The mention of the National Human Rights Commission report on the 2002 violence and the “raj dharma” remark by the then prime minister Atal Bihari Vajpayee have been dropped from the textbook. Also, chapters on Mughal courts in a history textbook, a poem on the Dalit movement and a chapter on the Cold War, are among the exclusions from the political science textbook.
In Class 10, the excluded chapters included verses of poet Faiz Ahmed Faiz in the ‘Religion, Communalism and Politics – Communalism, Secular State’ section of the textbook ‘Democratic Politics II’. Also, chapters titled ‘Democracy and Diversity’, ‘Popular Struggle and movements’ and ‘Challenges to Democracy’ have been dropped.
“States and UTs were also requested to conduct District-Level Consultations of Educationists and related experts. NCERT has received 1,502 consultation reports from states and UTs in this regard.
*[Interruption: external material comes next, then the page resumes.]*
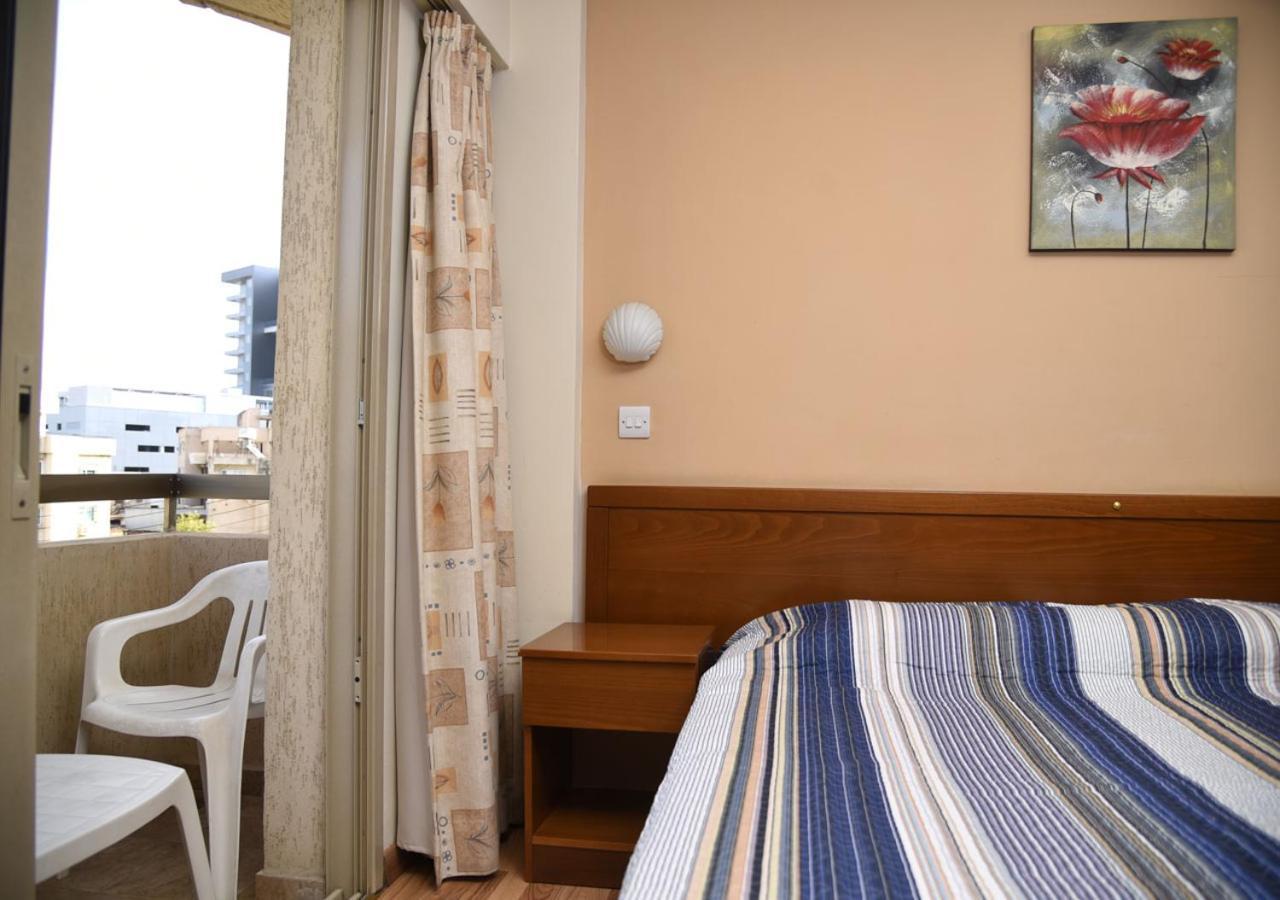 Elysso Hotel ลาร์นาคา ภายนอก รูปภาพ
NCERT is itself also directly conducting consultation meetings at district level in several states and UTs, the official said. “All ministries of the government of India have been requested to give their inputs too. NCERT has already conducted two rounds of workshops with some ministries and started receiving inputs,” the official said.
The official further explained that about 25 National Focus Groups have been formed by the NCERT, each with almost 8-10 members, for giving inputs in the form of position papers on similar themes as those being given by states and UTs. “Therefore, these 25 papers will also be part of the total 608 position papers that will be examined for development of NCF.
This entire process is paperless and a special portal has been designed by the NCERT to receive these detailed inputs from all parts of the country, and from all categories of stakeholders, the official said. “National Curriculum is being developed with a 360-degree decentralised consultation process right from villages/city-level to districts to states and Union ministries. Technology is being leveraged to make the consultation process wider. States and UTs are playing a major role in the curriculum development process, making it an example of cooperative federalism,” he said. The NCF has been revised four times so far – in 1975, 1988, 2000 and 2005. The new revision will be the fifth of the framework.